In una stanza vuota il presente e il domani non hanno domande,
sono cerchi che stringono lentamente legami e affetti, fumo acre
per amicizie senza sentimenti, per un cammino senza desideri e
senza mète. I segni del tuo passaggio sono lettere spigolose
tracciate su fogli e muri, sempre le stesse a richiamare l’attenzione
di sguardi che giudicano e condannano, sguardi e parole destinate
ancora una volta a non essere comprese e accettate. Quelle parole
sono diventate un terreno battuto, sempre lo stesso, indicato
dagli altri, dagli adulti che ti indicano la strada per farti
diventare quello che non vuoi essere: un ragazzo per bene, che
accetta consigli e ne sa fare un buon uso, una farfalla dalle
ali colorate destinata a volare e a riconoscere i colori della
vita.
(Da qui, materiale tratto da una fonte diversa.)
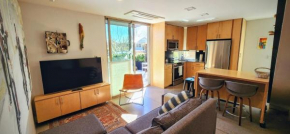 Tranquil Townhome in Downtown Neighborhood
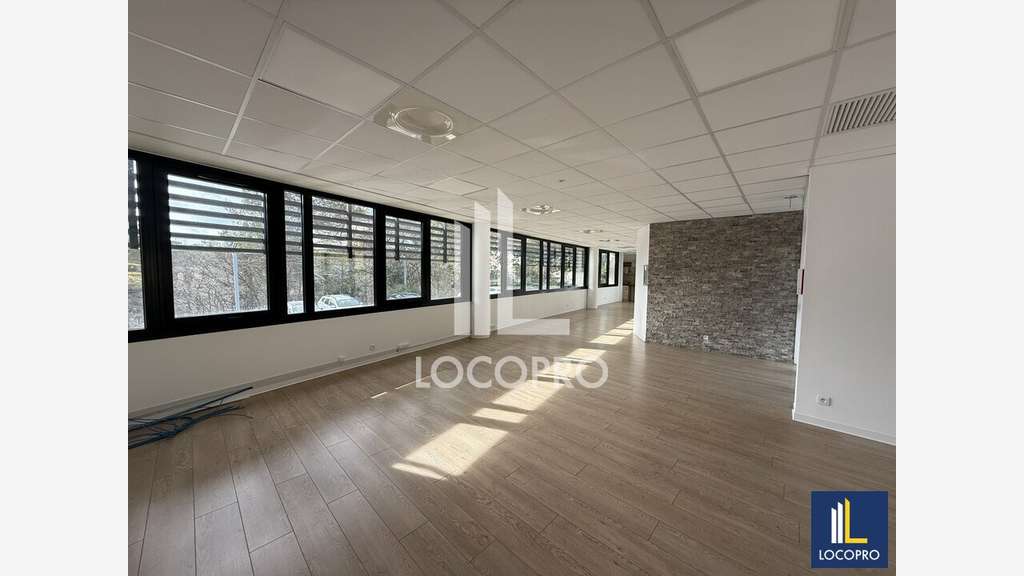 Location bureaux 94m² à Sophia-Antipolis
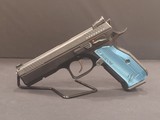 Pre-Owned - CZU Shadow 2 9mm Handgun - 3 of 8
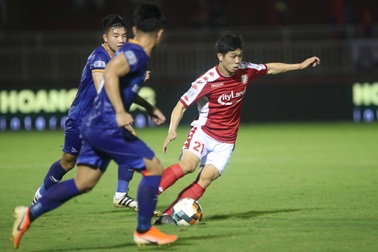 Vòng 11 V-League 2020: Công Phượng so tài cùng Quang Hải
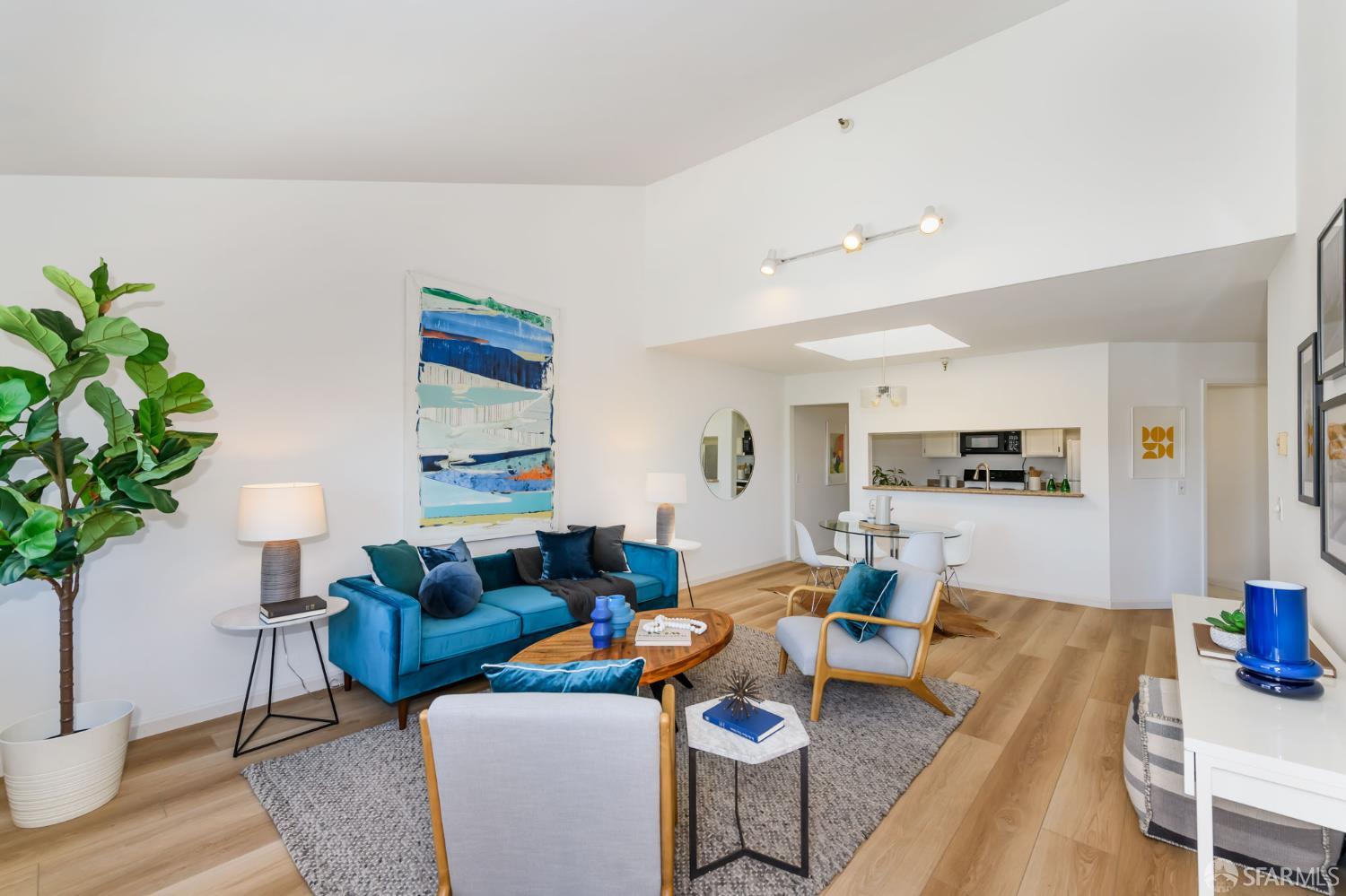 Detail Gallery Image 5 of 28 For 777 Morrell Ave #302,  Burlingame,  CA 94010 - 1 Beds | 1 Baths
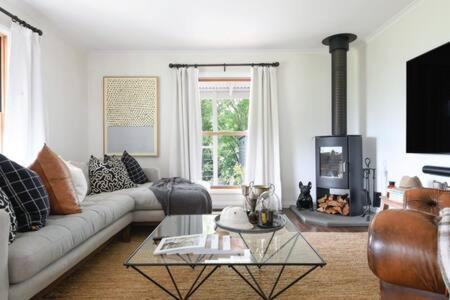 Daylesford House | Trimble Hill Daylesford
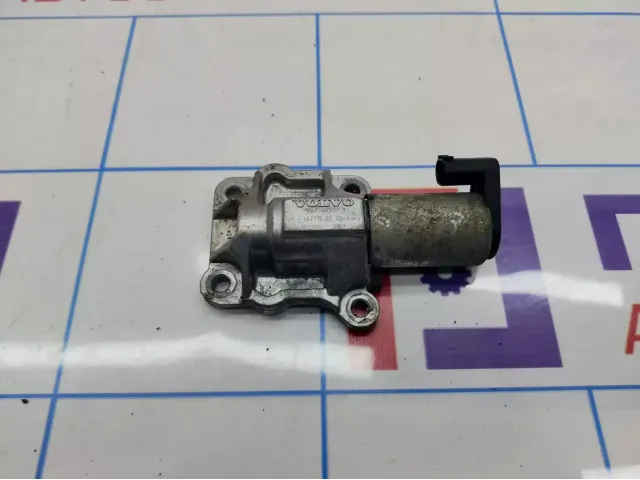 Клапан электромагнитный изменения фаз ГРМ Volvo XC90 8670421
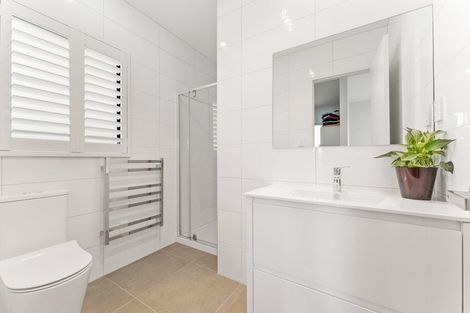 Photo of property in 35 Bella Vista Drive, Gulf Harbour, Whangaparaoa, 0930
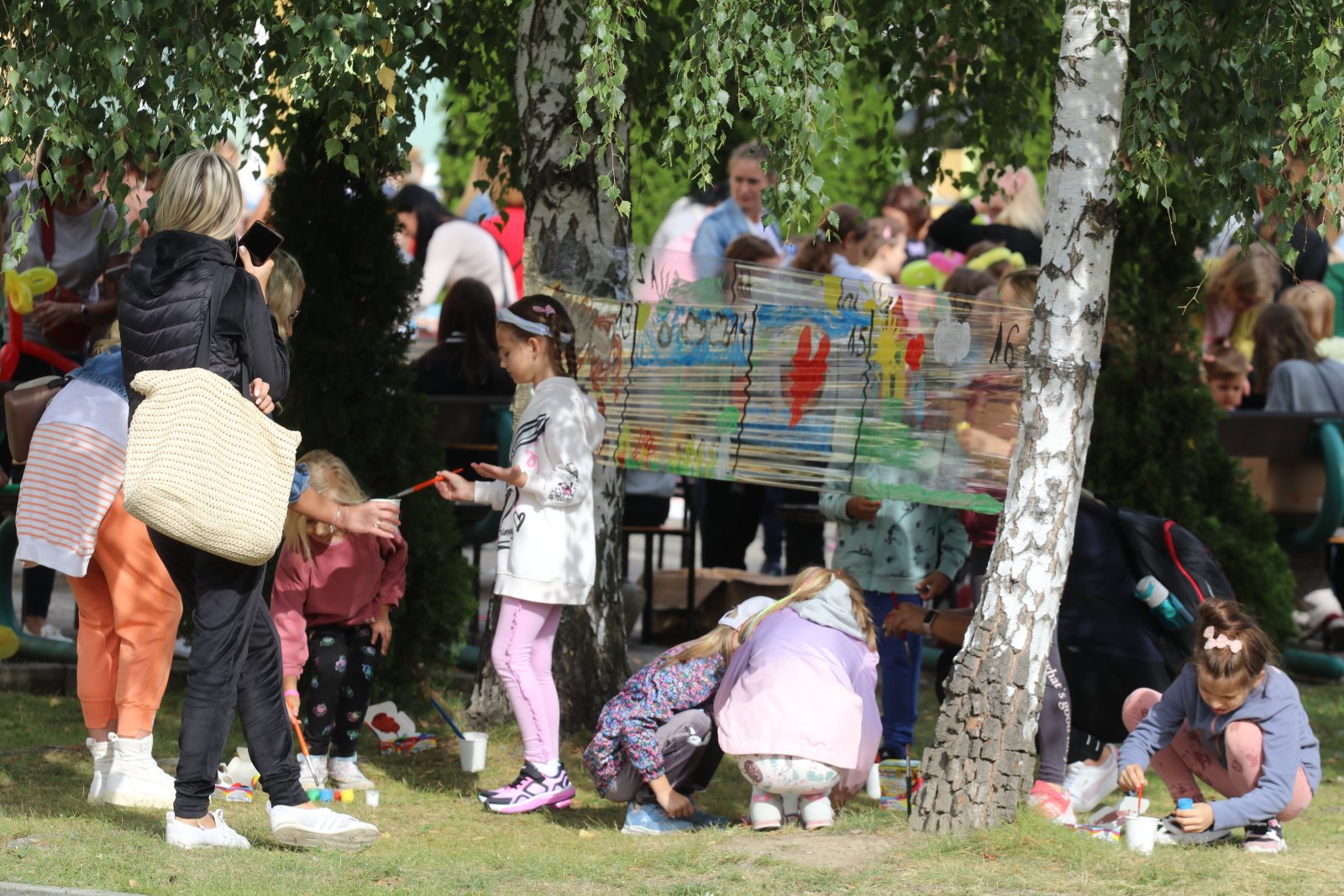 Piknik rodzinny w szkole integracyjnej na Piekarach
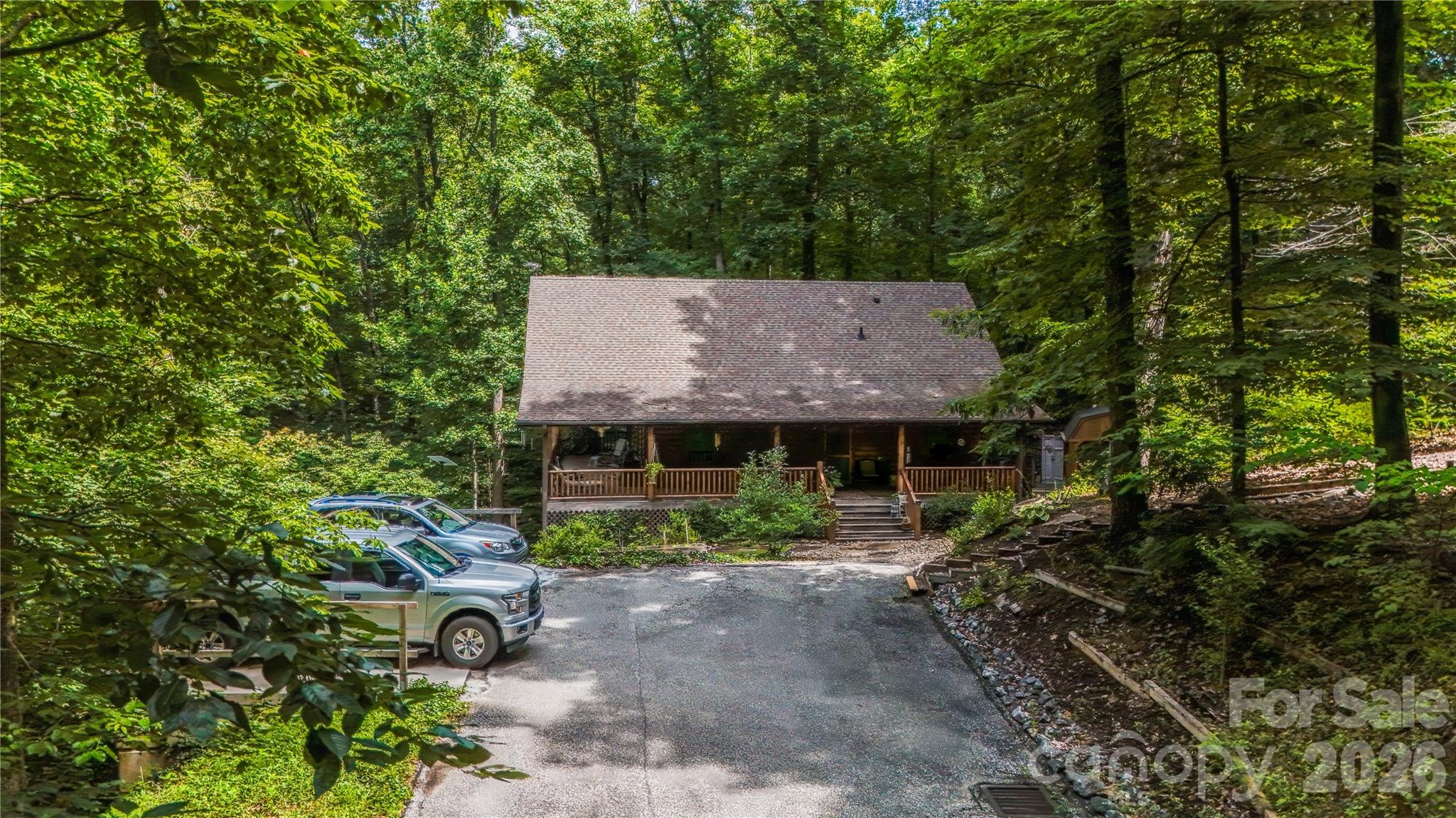 700 Howard Drive Property Photo 3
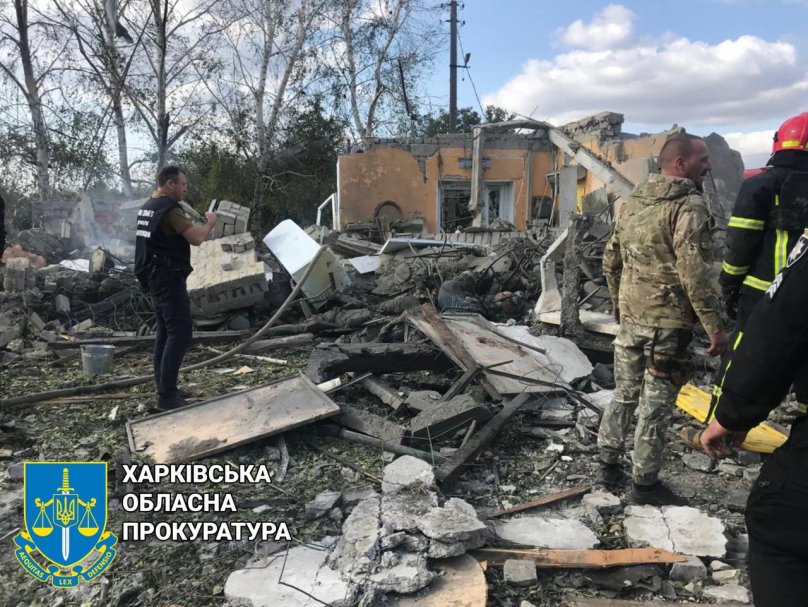 49 загиблих: на Харківщині росіяни влучили у продуктовий магазин – 02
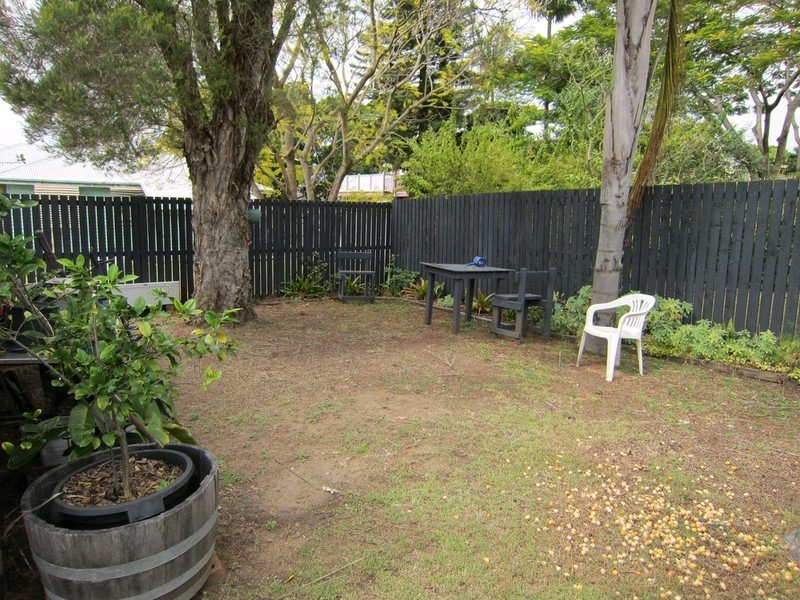 4 Cramb Street, Eastern Heights QLD 4305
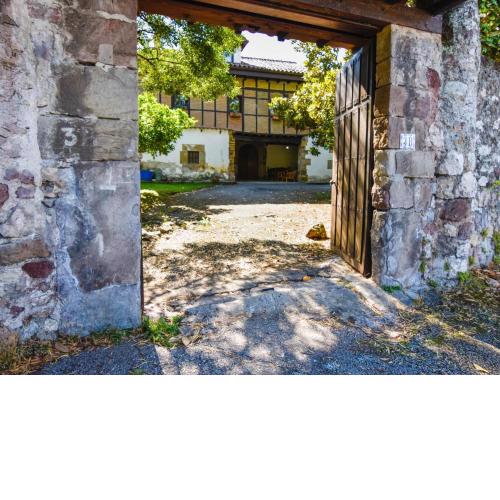 Casona con gran jardín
E così, senza incertezze, stringi il presente, spezzando
il tempo e colorando di nero le lettere di un alfabeto sconosciuto,
parole incomprensibili di cui ti senti padrone perché le
puoi riempire a tuo piacimento quando gli adulti ti rimproverano
per le tue mancanze. Con lo sguardo basso continui a negare e
a rifiutare, a perdere e a vincere senza che gli altri se ne accorgano,
intrappolati come sono in una ragnatela dorata che chiude il loro
mondo al riflesso del tuo tempo. Il ragazzo “difficile” indossa
una fragile corazza, un cemento armato per gli adulti abituati
a costruire le fondamenta del futuro concreto e reale, il solido
senso della realtà che oggi ha allontanato e confinato
incertezze e fragilità, debolezze e solitudini.